YOUR INSTRUCTIONS - Your answer should repeat exactly the lines from the one holding "Nimbus 340 COMMANDER" through the end of the data, and it should contain no pictures.

[Saved entries]
-------------------------

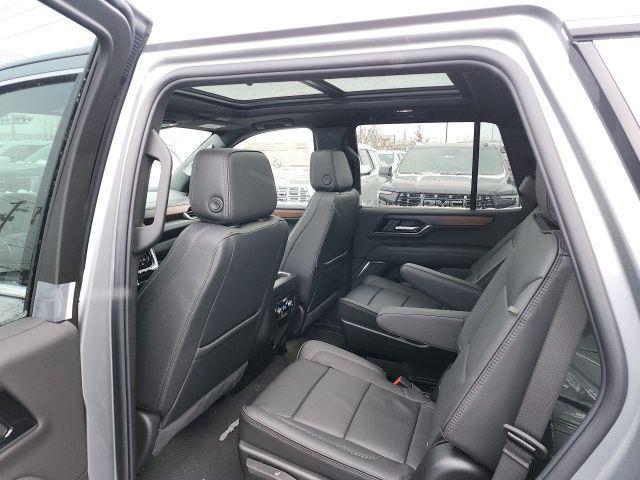 new 2026 GMC Yukon car, priced at $92,930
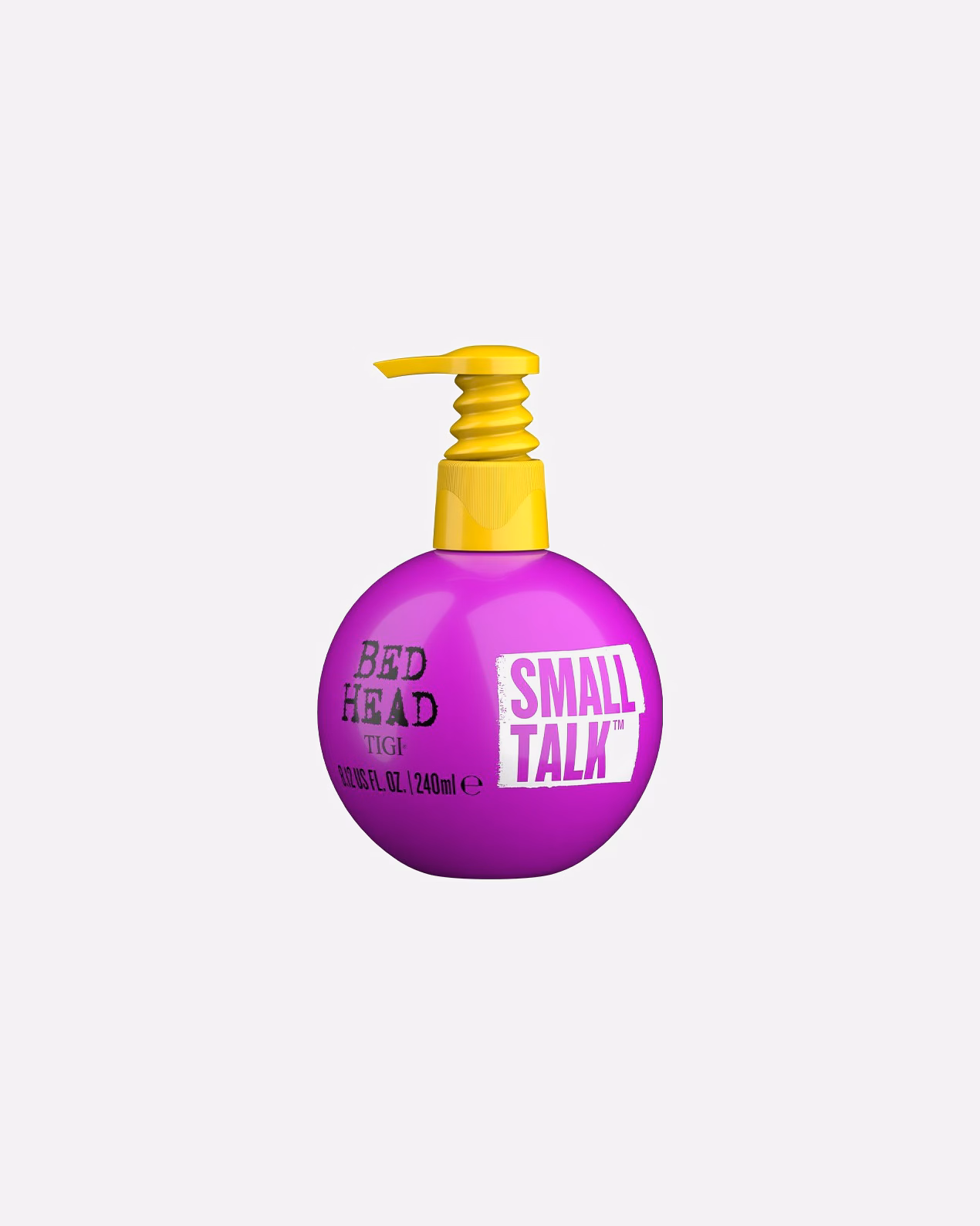TIGI Haarcreme Small Talk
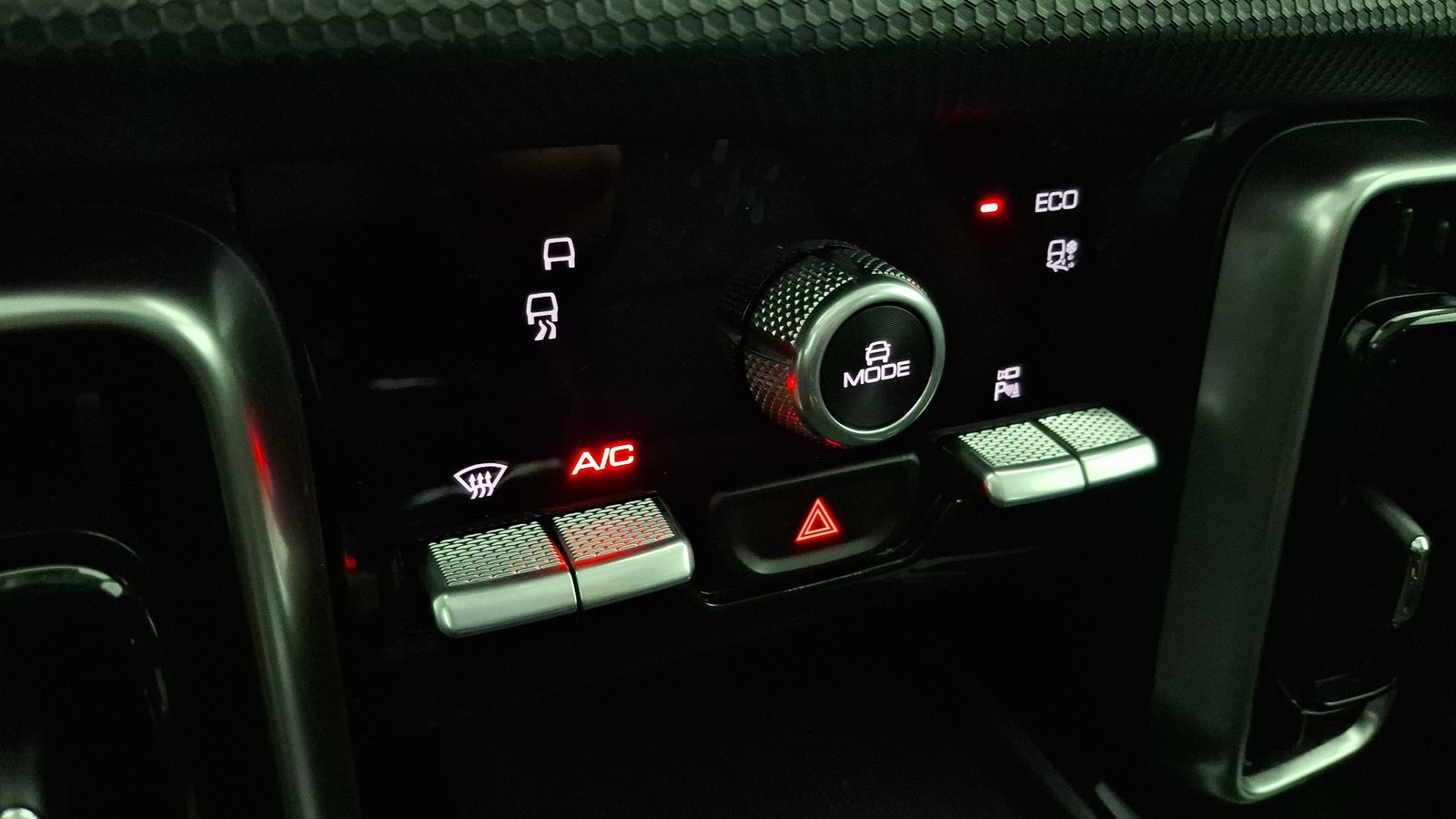 Haval Dargo 2024 - Foto 4 de 5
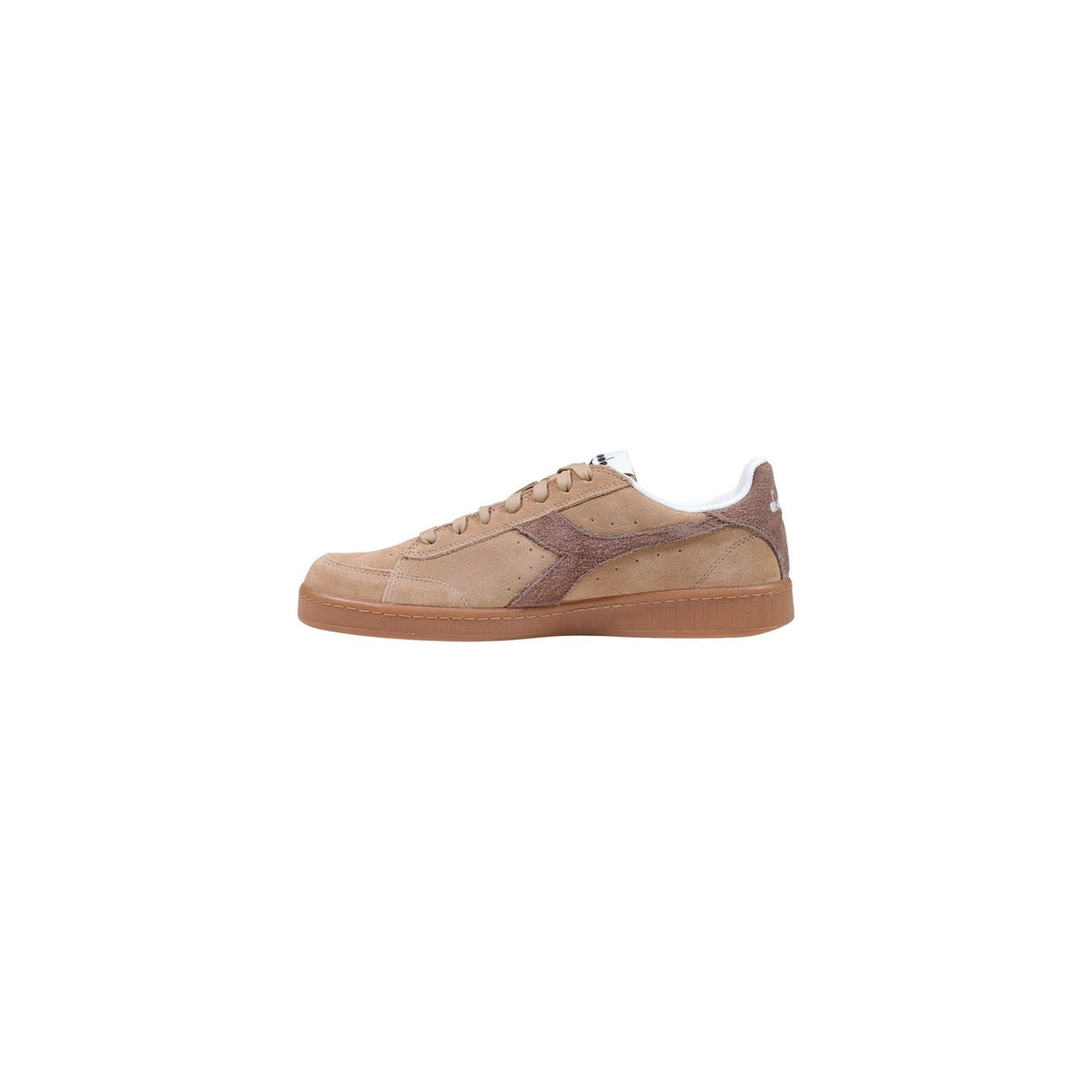 Diadora — Baskets Game Low Suede homme — vue 3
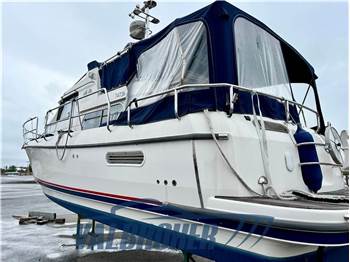 Nimbus 340 COMMANDER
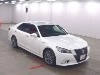 TOYOTA CROWN HYBRID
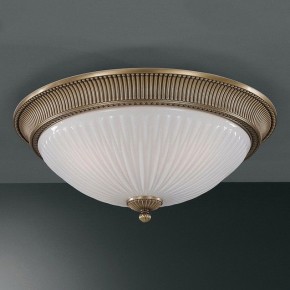 Накладной светильник Reccagni Angelo 9270 PL 9270/4 в Нижневартовске - nizhnevartovsk.mebel24.online | фото 2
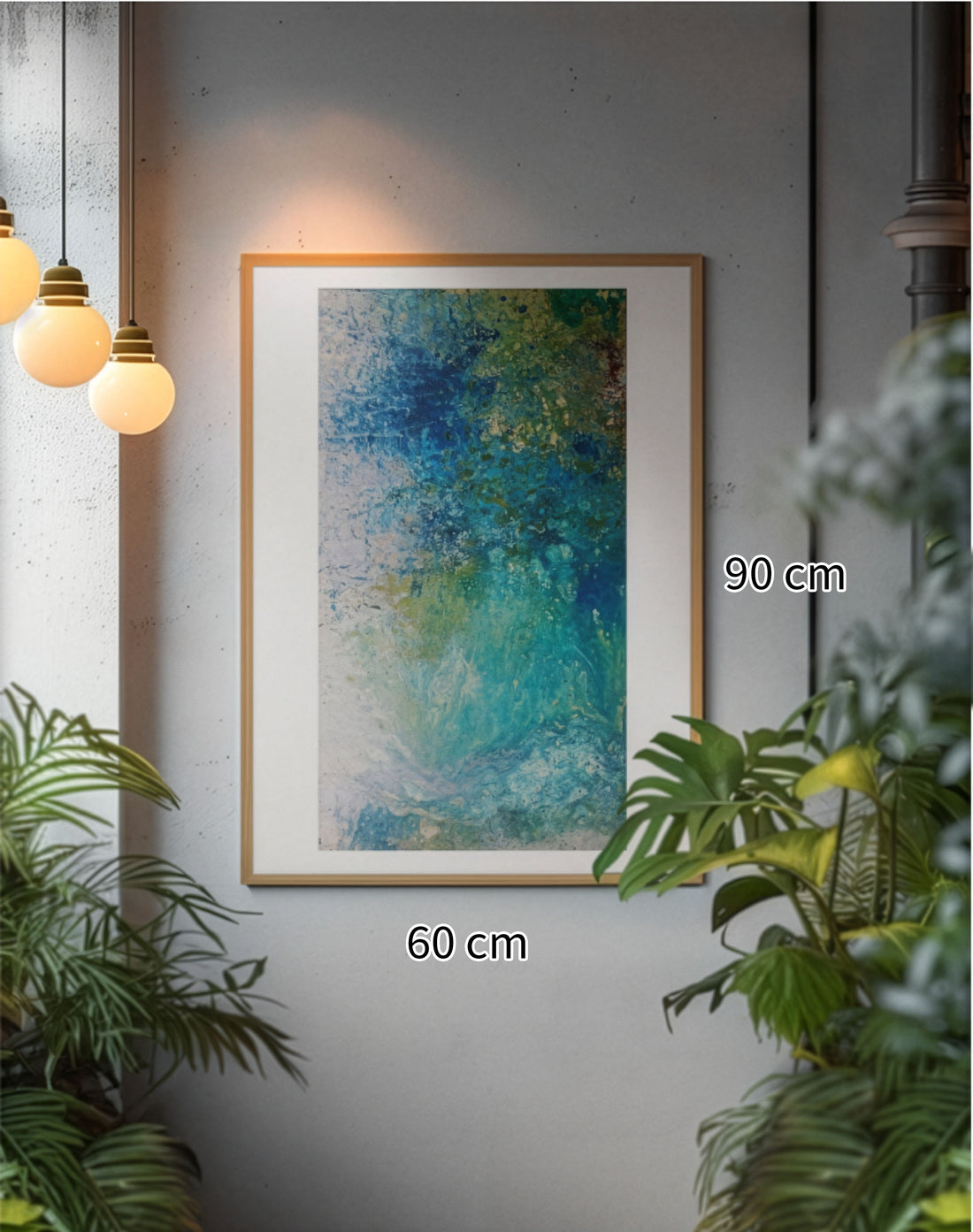 Upward Spiral - Fine Art Print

-------------------------

ANSWER -
 Nimbus 340 COMMANDER
 TOYOTA CROWN HYBRID
 Накладной светильник Reccagni Angelo 9270 PL 9270/4 в Нижневартовске - nizhnevartovsk.mebel24.online | фото 2
 Upward Spiral - Fine Art Print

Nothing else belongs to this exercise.